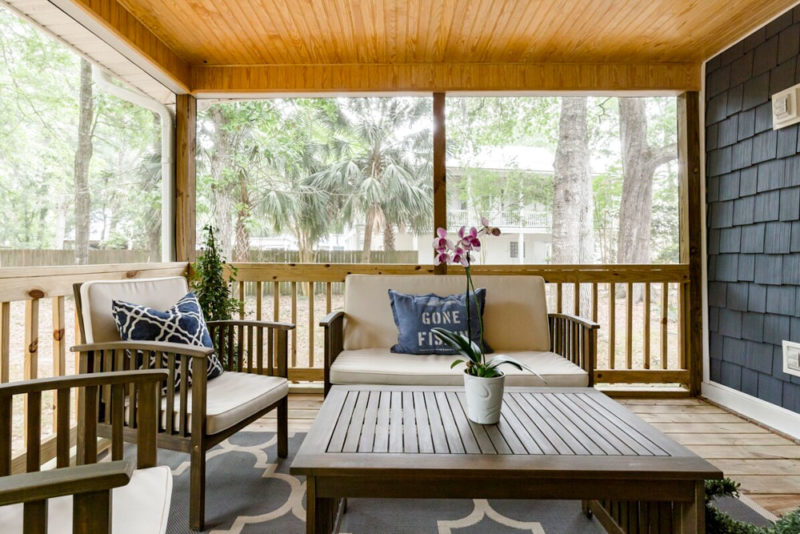 Airbnbs in Myrtle Beach, South Carolina Vacation Homes: Charming Cottage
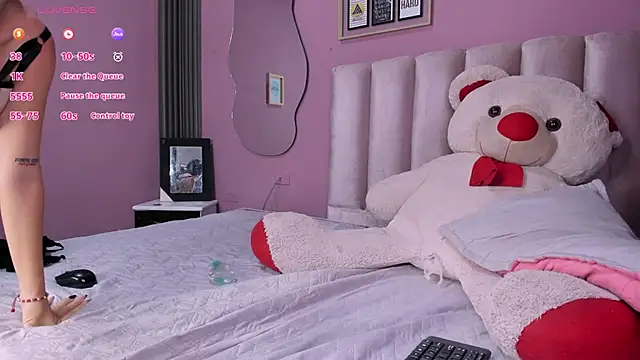 Chatroom XXX en direct de SamanthaHorney_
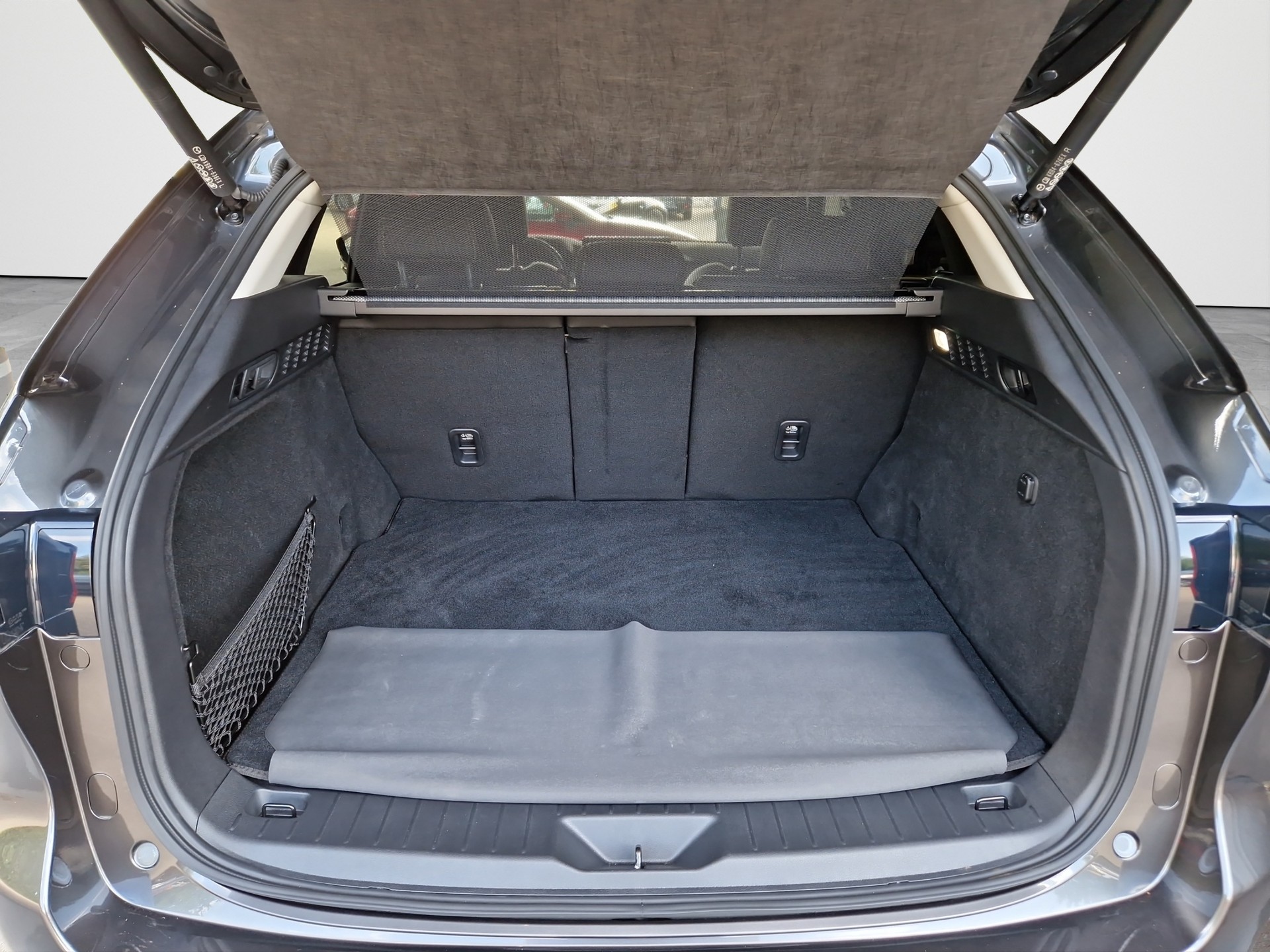 MAZDA CX-60 3.3L e-Skyactiv D 254 MHEV AWD Homura-image-7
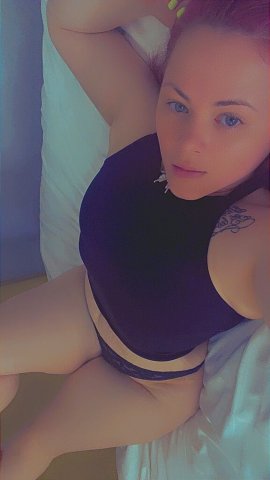 Chantilly Redhead Female Escort — Slim BBW, soft curves, pre-booking deposit - 1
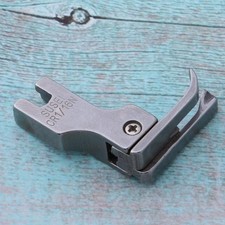 Pied de Compensation Latérale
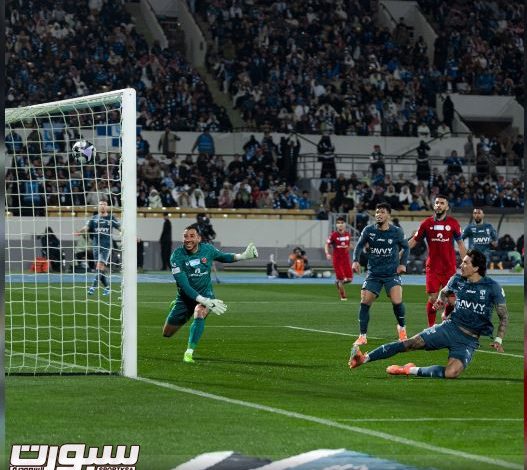 الهلال يحتل صدارة ترتيب دوري روشن بثنائية أمام ضمك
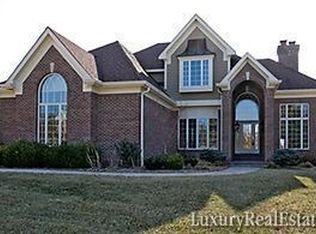 34 Old Governor Pl, Saint Charles, MO 63301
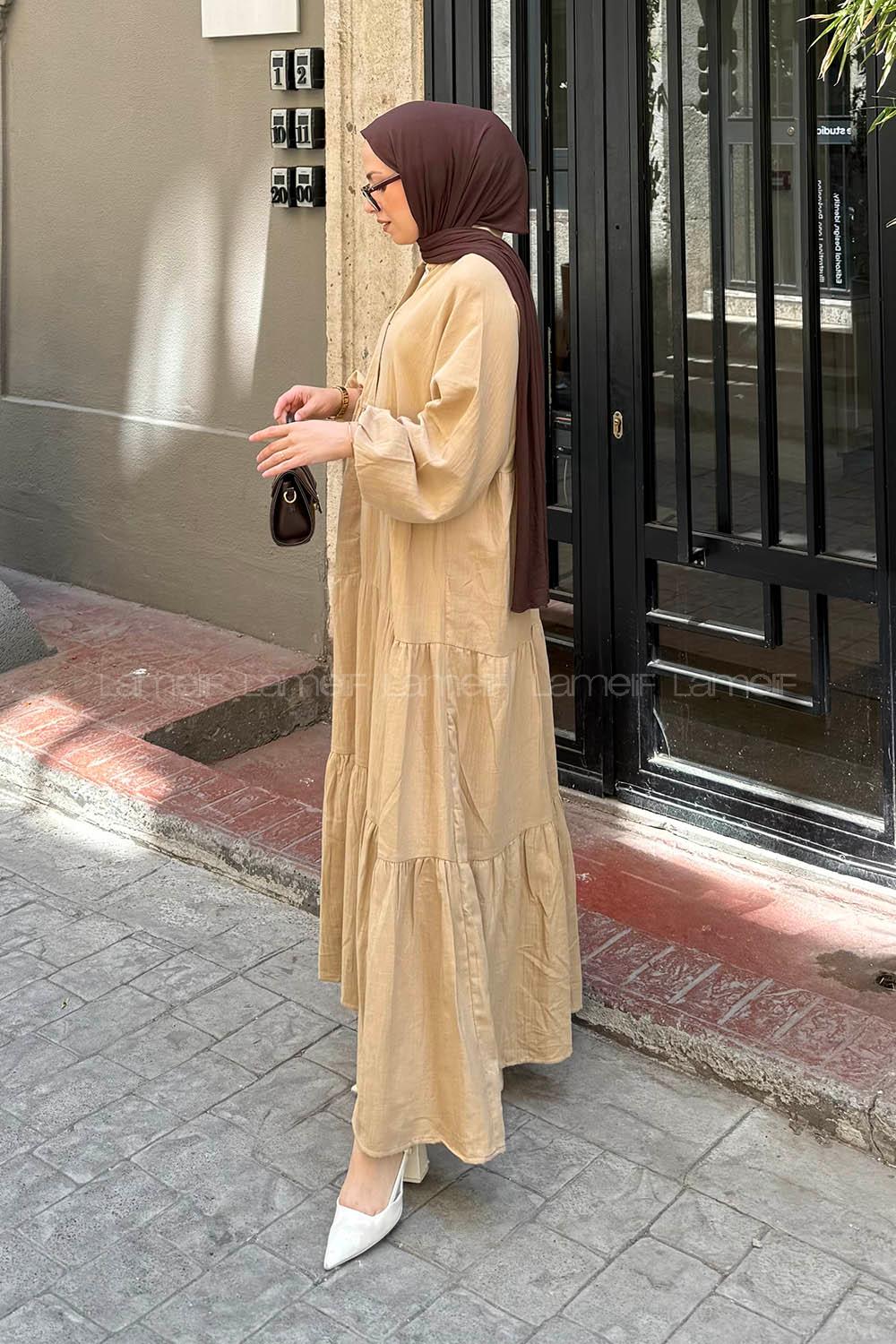 Lamelif Ön Yarım Düğme Detaylı Müslin Kumaş Tesettür Elbise Kum Beji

◆ ◆ ◆ ◆ ◆

What the task asks: Please print the lines from the one holding "Chatroom XXX en direct de SamanthaHorney_" through the end of the records above, unchanged and with the pictures left out.

Answer box:
 Chatroom XXX en direct de SamanthaHorney_
 MAZDA CX-60 3.3L e-Skyactiv D 254 MHEV AWD Homura-image-7
 Chantilly Redhead Female Escort — Slim BBW, soft curves, pre-booking deposit - 1
 Pied de Compensation Latérale
 الهلال يحتل صدارة ترتيب دوري روشن بثنائية أمام ضمك
 34 Old Governor Pl, Saint Charles, MO 63301
 Lamelif Ön Yarım Düğme Detaylı Müslin Kumaş Tesettür Elbise Kum Beji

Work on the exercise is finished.